• PROBLEM DESCRIPTION:
Retype, word for word, every line of the records below starting at the one that contains "Stacked Logo Work" and ending at the one that contains "SPX 2018 Panel"; include both of those lines and nothing more.
______________________________
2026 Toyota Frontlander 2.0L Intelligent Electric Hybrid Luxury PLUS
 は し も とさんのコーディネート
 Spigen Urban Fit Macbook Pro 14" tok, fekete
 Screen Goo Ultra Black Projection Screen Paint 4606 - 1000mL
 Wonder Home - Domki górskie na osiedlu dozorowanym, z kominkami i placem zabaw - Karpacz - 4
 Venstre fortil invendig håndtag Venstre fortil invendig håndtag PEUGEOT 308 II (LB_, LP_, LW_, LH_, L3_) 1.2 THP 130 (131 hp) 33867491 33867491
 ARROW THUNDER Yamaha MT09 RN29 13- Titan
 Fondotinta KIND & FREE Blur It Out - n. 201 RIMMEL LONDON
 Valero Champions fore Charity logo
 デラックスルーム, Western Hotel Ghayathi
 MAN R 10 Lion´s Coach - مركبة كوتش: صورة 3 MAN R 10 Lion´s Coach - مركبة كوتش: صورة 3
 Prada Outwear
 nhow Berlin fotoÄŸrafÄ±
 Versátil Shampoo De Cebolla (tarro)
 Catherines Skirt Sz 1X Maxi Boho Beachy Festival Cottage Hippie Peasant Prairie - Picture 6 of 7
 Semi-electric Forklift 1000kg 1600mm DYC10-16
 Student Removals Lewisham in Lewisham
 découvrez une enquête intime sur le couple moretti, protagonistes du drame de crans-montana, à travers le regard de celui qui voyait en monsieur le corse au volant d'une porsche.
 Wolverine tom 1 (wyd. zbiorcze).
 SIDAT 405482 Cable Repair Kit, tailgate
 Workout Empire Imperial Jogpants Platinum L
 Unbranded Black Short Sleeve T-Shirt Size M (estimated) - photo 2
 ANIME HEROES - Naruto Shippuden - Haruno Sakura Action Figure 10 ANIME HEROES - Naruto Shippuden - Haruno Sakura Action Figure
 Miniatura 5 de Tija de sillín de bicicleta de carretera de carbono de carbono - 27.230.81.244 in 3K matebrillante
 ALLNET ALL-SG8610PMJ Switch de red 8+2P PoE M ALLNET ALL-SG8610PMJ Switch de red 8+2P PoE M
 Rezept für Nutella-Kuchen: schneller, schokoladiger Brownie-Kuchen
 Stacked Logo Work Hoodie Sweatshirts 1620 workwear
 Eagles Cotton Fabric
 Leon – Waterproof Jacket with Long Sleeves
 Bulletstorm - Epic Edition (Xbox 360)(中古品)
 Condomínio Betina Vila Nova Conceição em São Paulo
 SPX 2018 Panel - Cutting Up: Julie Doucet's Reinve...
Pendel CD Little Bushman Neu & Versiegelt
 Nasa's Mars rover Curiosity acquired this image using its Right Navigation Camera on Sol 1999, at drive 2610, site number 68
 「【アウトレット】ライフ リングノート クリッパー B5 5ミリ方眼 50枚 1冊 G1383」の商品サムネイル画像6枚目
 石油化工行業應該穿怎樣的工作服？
______________________________
• TASK OUTPUT:
 Stacked Logo Work Hoodie Sweatshirts 1620 workwear
 Eagles Cotton Fabric
 Leon – Waterproof Jacket with Long Sleeves
 Bulletstorm - Epic Edition (Xbox 360)(中古品)
 Condomínio Betina Vila Nova Conceição em São Paulo
 SPX 2018 Panel - Cutting Up: Julie Doucet's Reinve...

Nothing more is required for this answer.